Beginning with the line that holds "Cupcake with rainbow", copy each line to the end of the records exactly, except the pictures.
--------------------
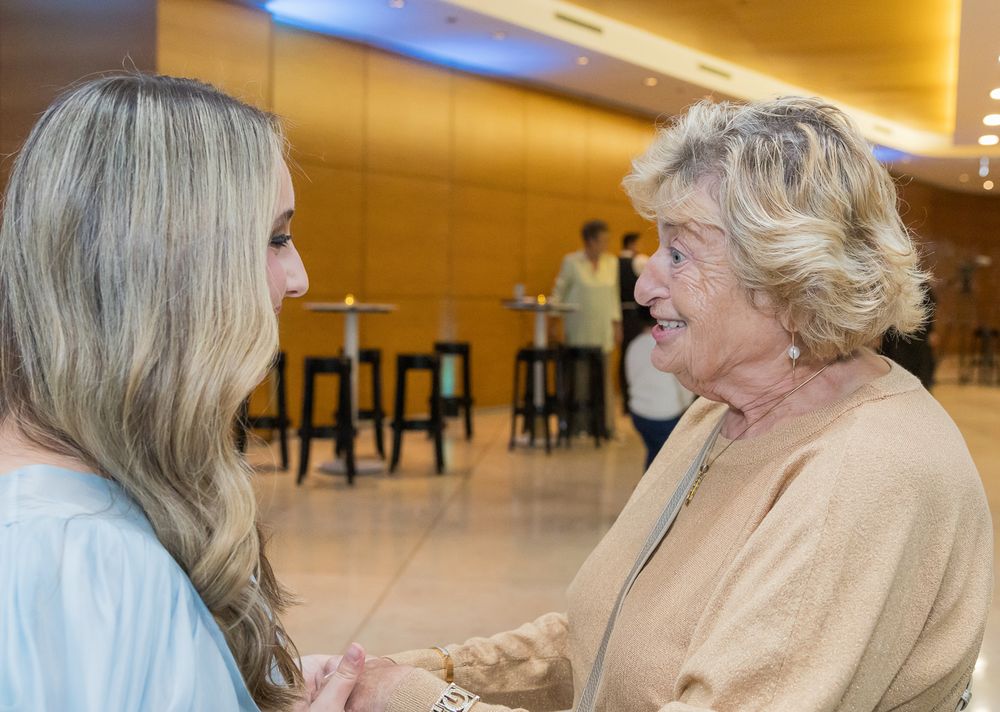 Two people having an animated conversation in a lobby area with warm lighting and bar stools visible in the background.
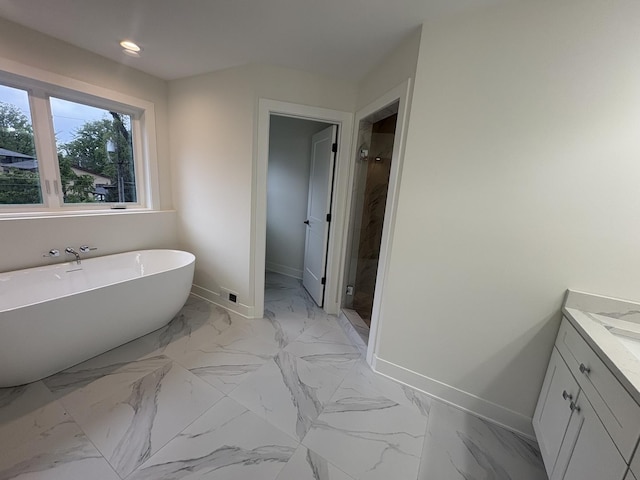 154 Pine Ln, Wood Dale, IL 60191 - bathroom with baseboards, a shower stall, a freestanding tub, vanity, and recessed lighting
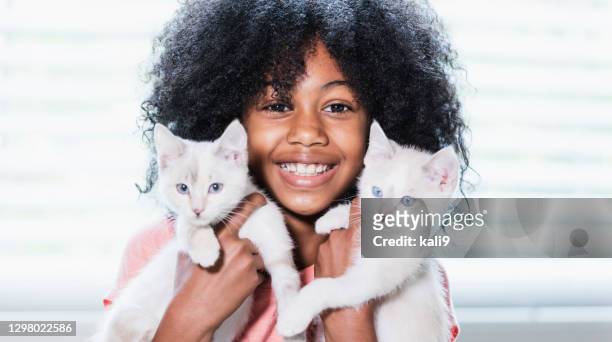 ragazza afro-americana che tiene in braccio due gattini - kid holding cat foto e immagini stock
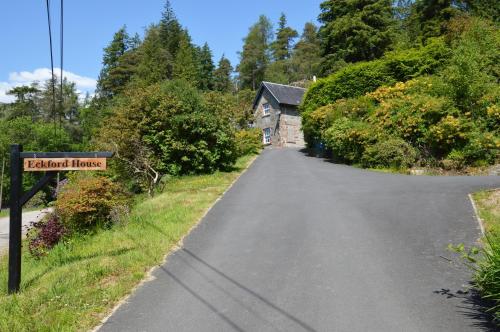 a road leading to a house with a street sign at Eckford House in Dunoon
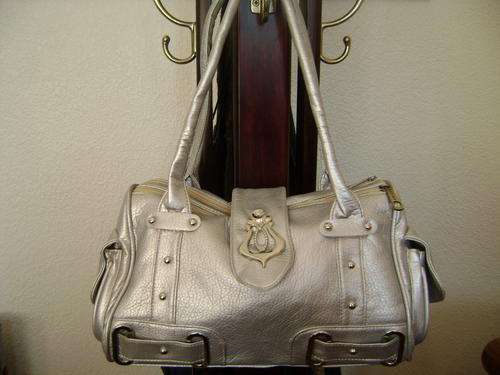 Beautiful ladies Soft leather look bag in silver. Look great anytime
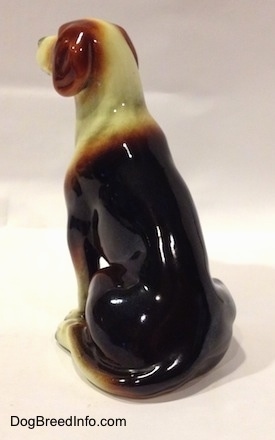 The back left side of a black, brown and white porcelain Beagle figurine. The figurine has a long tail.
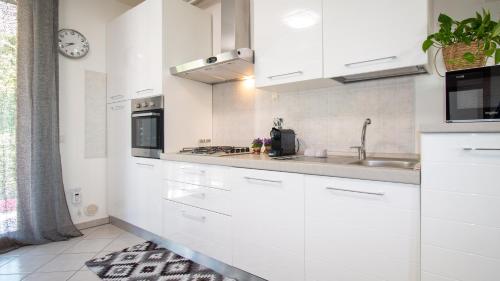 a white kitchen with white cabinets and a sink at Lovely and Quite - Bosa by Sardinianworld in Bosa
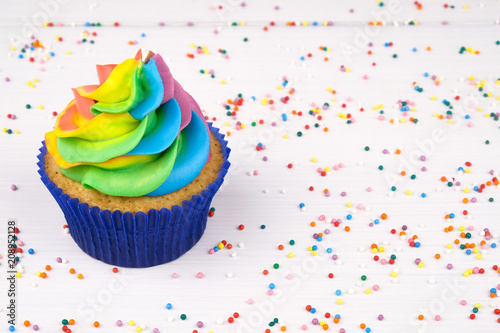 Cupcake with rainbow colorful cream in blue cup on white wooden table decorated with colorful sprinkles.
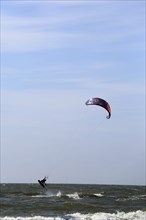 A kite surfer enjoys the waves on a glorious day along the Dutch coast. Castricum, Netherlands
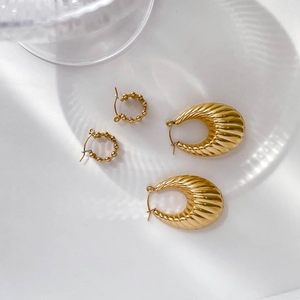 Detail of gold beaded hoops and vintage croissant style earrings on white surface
--------------------
▸ Completed exercise
 Cupcake with rainbow colorful cream in blue cup on white wooden table decorated with colorful sprinkles.
 A kite surfer enjoys the waves on a glorious day along the Dutch coast. Castricum, Netherlands
 Detail of gold beaded hoops and vintage croissant style earrings on white surface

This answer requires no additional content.